WHY WE QUIT OUR JOBS IN ADVERTISING TO SCRUB TOILETS (Reblog)

Every day it feels like I see someone or couples quitting their 9-5 jobs and traveling the world and I feel almost envious of their new lifestyles. I would think, “how do they do it? Are they just loaded with money and can afford to country hop for the rest of their lives?”

I came across this blog post about a couple that was one of the pioneers for dropping their stagnant jobs to see the world. This particular post takes off the rose tint from our perception of these happy-go-lucky travelers and shows us another side of this new lifestyle.
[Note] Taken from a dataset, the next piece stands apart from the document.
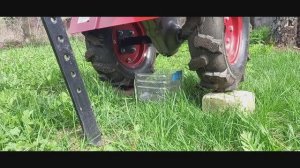 Меняю масло в мотоблоке _Тарпан_, подготавливаю к работе.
I’m glad this puts things in perspective and presents the other truth in their travel adventures!

(originally discovered this blog through this Buzzfeed post!)

How Far From Home

After being gone exactly 6 months, I feel it necessary we share the uglier side of our trip. Browsing through our blog posts and Instagram feed, it seems like we’re having the time of our lives. And don’t get me wrong – we are. It’s bloody amazing. But it’s not all ice-creams in the sun and pretty landscapes. Noooooo. So far, I think we’ve tallied 135 toilets scrubbed, 250 kilos of cow dung spread, 2 tons of rocks shovelled, 60 metres of pathway laid, 57 beds made, and I cannot even remember how many wine glasses we’ve polished.

You see, to come from the luxuries we left behind in Johannesburg, to the brutal truth of volunteer work, we are now on the opposite end of the scale. We’re toilet cleaners, dog poop scoopers, grocery store merchandisers, and rock shovelers.

It’s painstakingly hard and dirty work.